BEGIN RECORDS SHOWN
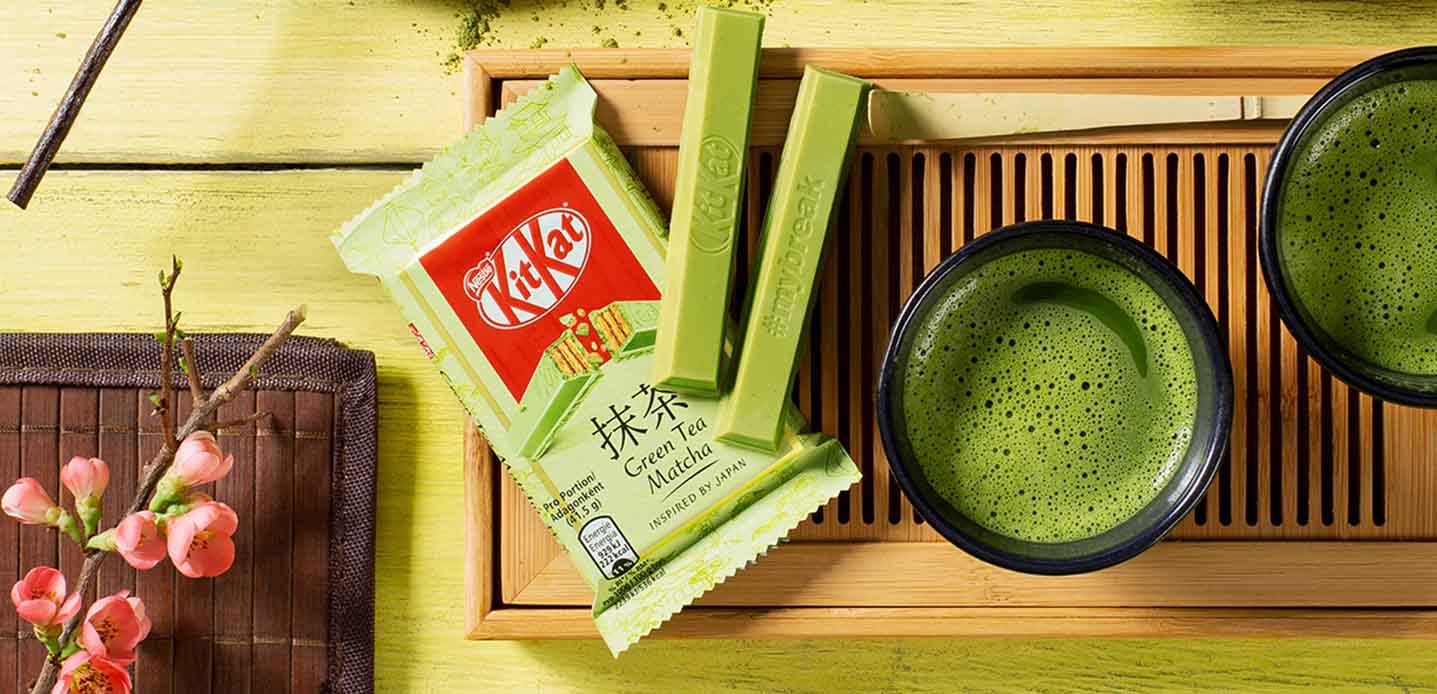 KitKat Matcha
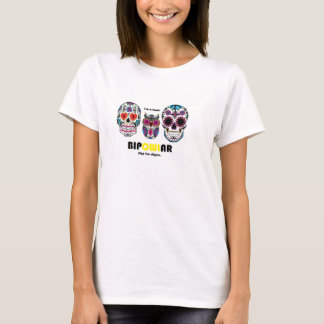 BipOWLar- I'm a hoot! Women's T-shirt. Stigma. T-Shirt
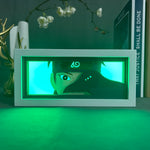 FLEETING FIRE LED BOX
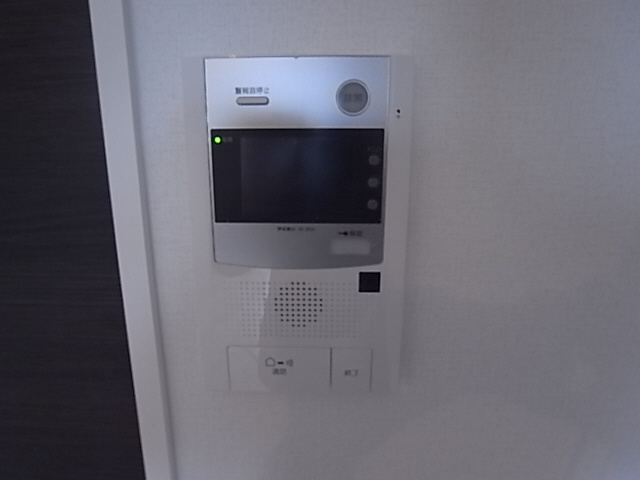 神戸市兵庫区小河通５丁目の賃貸マンションのセキュリティ
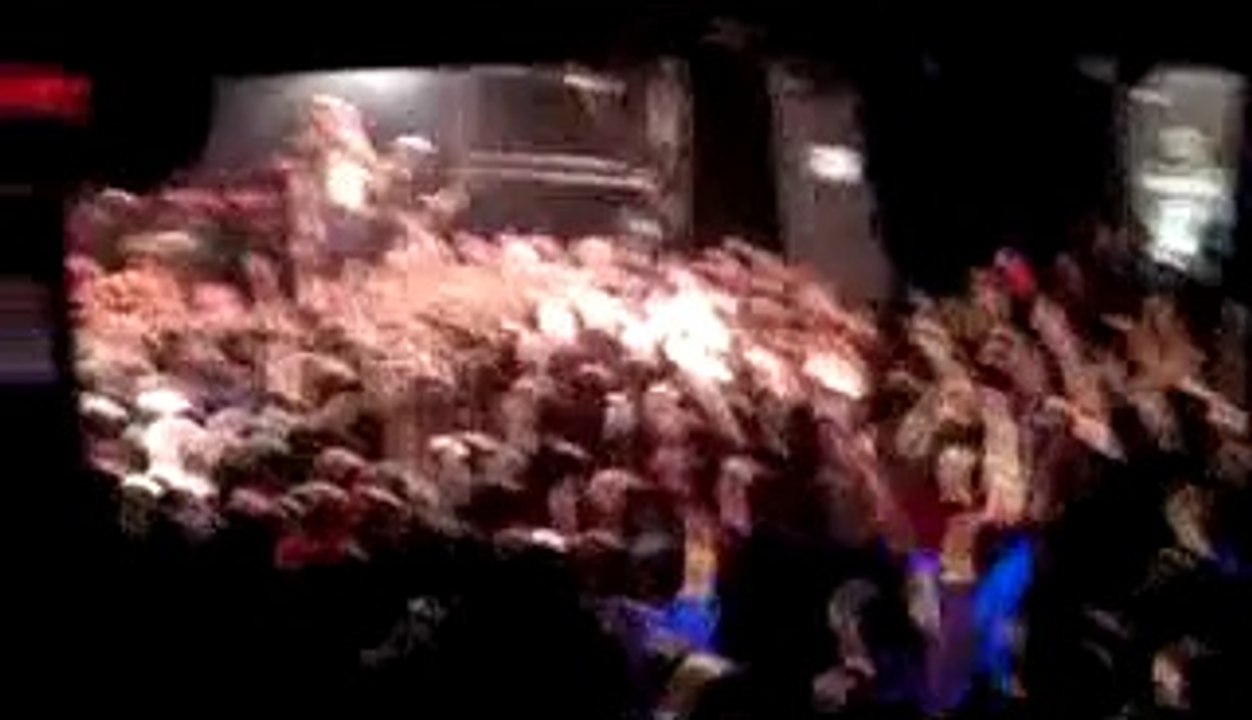 GNF Like Moths to Flames Madrid 2013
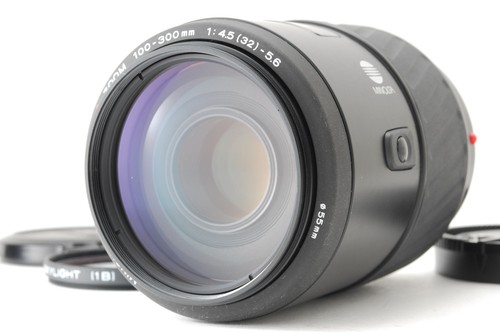 Ottimo come nuovo minolta - nuovo], af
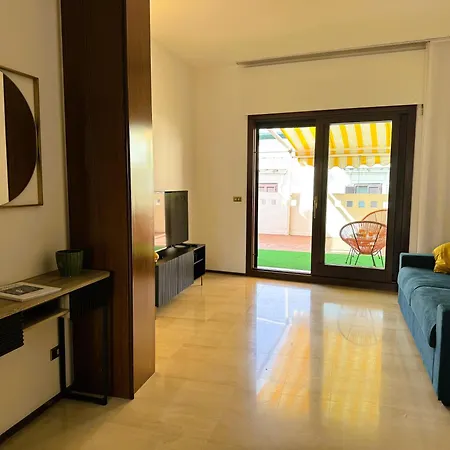 Attico 72 Apartment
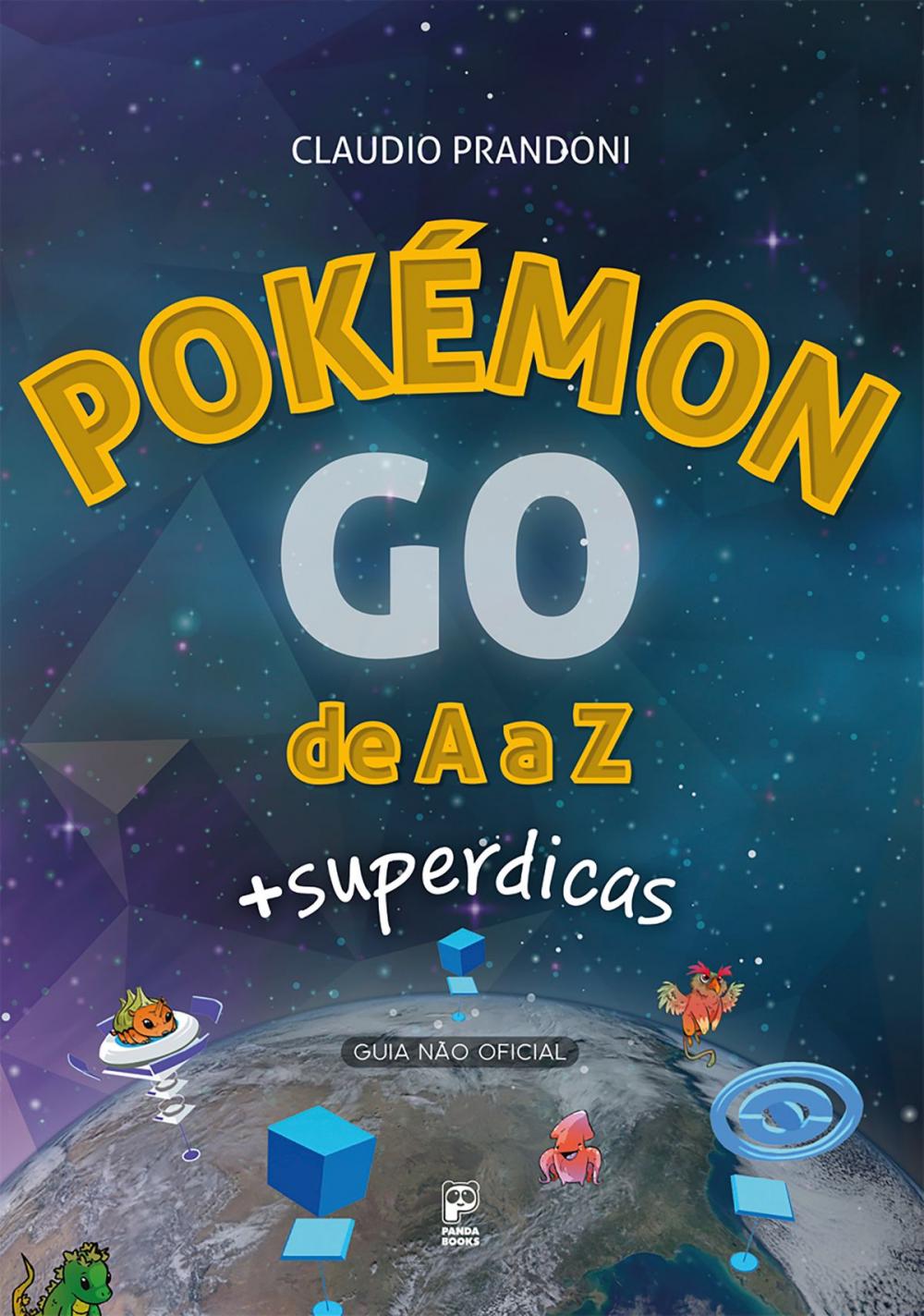 Big bigCover of Pokémon GO de A a Z
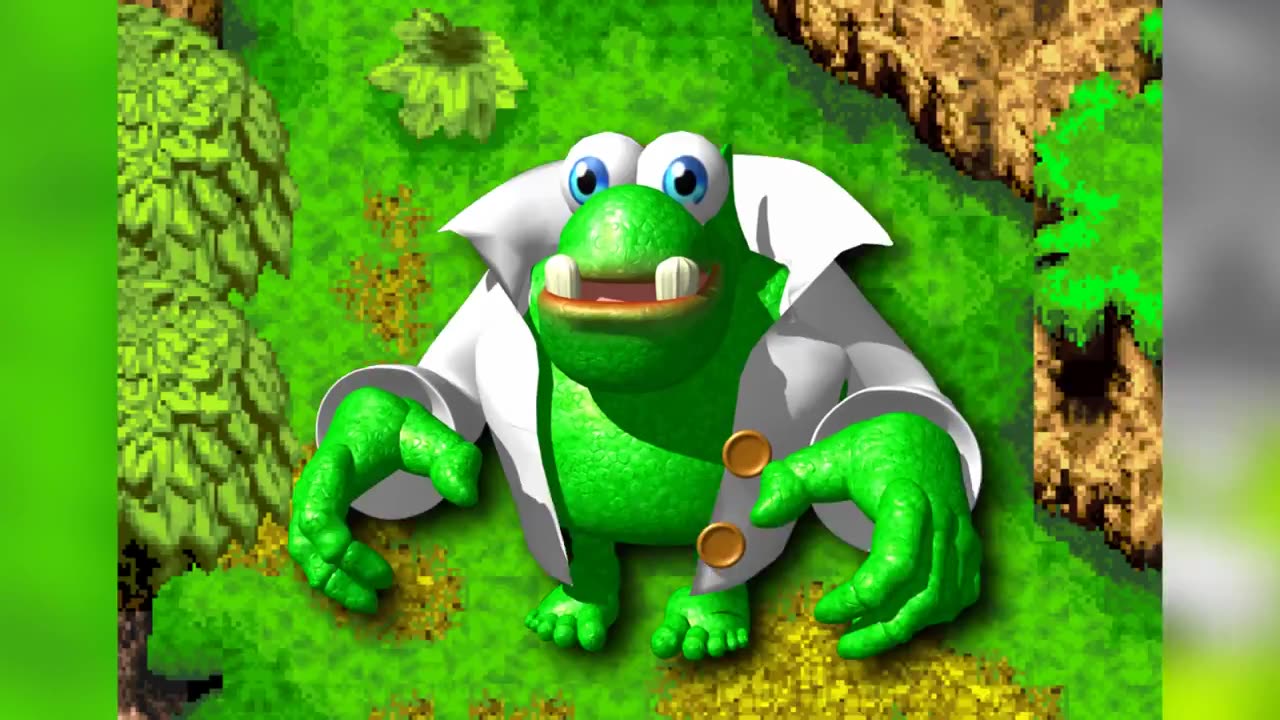 Banjo Kazooie_ Grunty's Revenge - KrazyBones Review [Reupload]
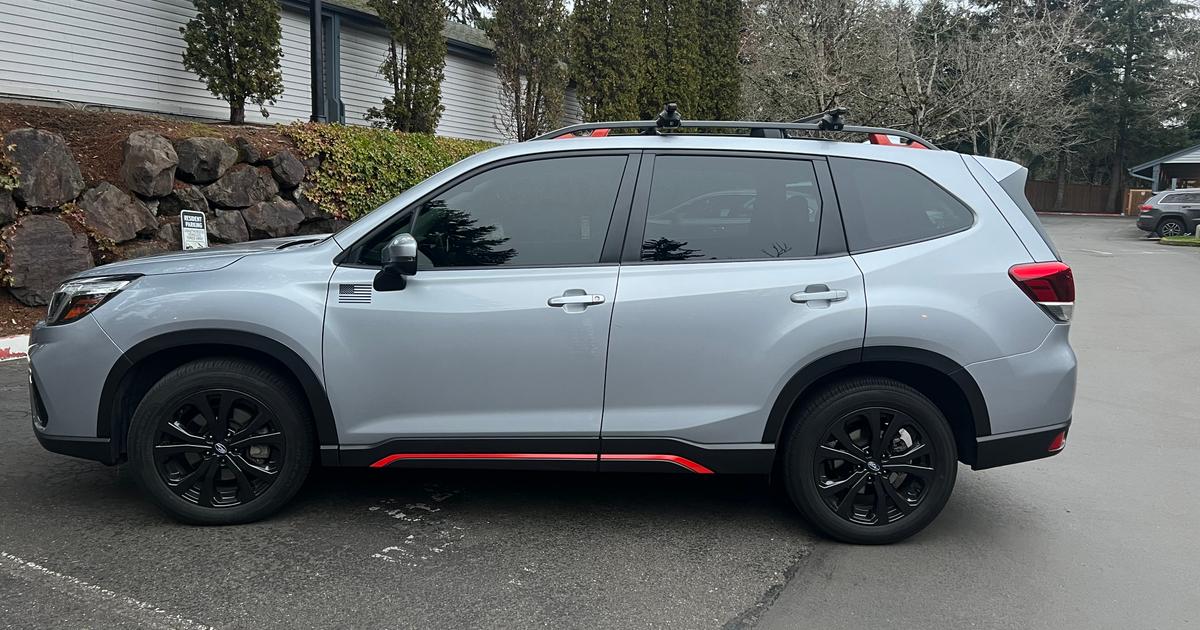 Subaru Forester 2021 rental in Bellevue, WA by Elisa A. | Turo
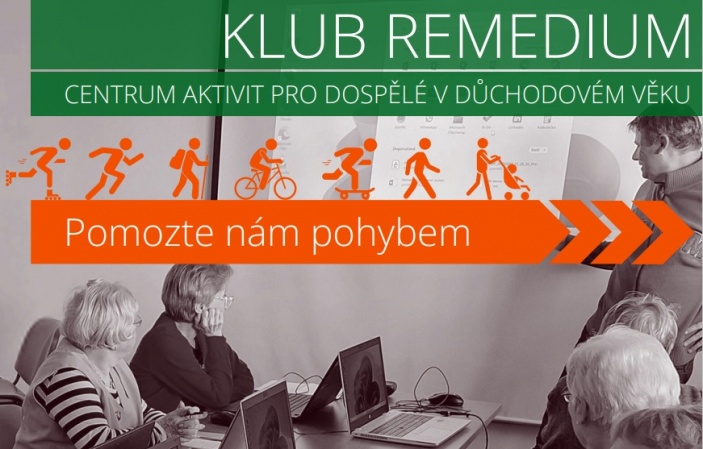 Pomozte pohybem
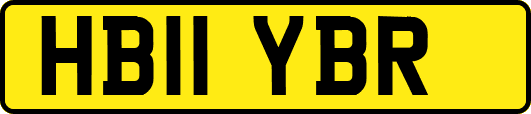 HB11YBR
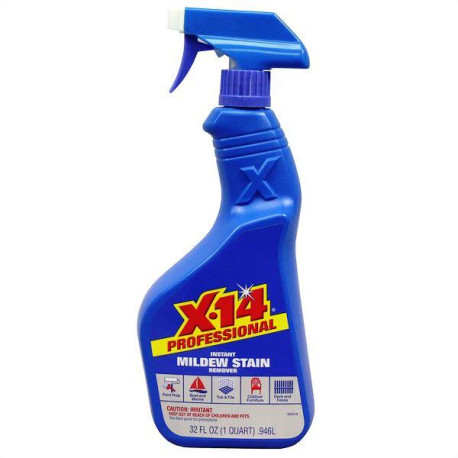 Nettoyant professionnel contre la moisissure
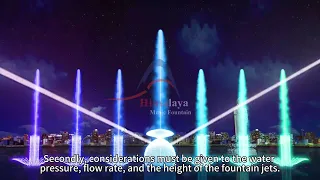 How To Make A Dancing Fountain | Himalaya Music Fountain Company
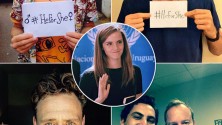 Des célébrités masculines supportent la campagne féministe d’Emma Watson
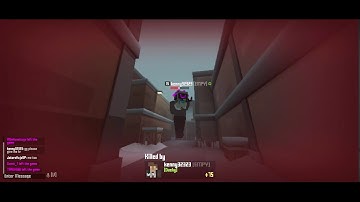krunker.io triggerman gameplay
END RECORDS SHOWN
§ **THE TASK**
Print, exactly as written, the lines above from the first one to the one containing "Nettoyant professionnel contre la moisissure". Leave out pictures.

§ **RESULT FOR THIS TASK**
 KitKat Matcha
 BipOWLar- I'm a hoot! Women's T-shirt. Stigma. T-Shirt
 FLEETING FIRE LED BOX
 神戸市兵庫区小河通５丁目の賃貸マンションのセキュリティ
 GNF Like Moths to Flames Madrid 2013
 Ottimo come nuovo minolta - nuovo], af
 Attico 72 Apartment
 Big bigCover of Pokémon GO de A a Z
 Banjo Kazooie_ Grunty's Revenge - KrazyBones Review [Reupload]
 Subaru Forester 2021 rental in Bellevue, WA by Elisa A. | Turo
 Pomozte pohybem
 HB11YBR
 Nettoyant professionnel contre la moisissure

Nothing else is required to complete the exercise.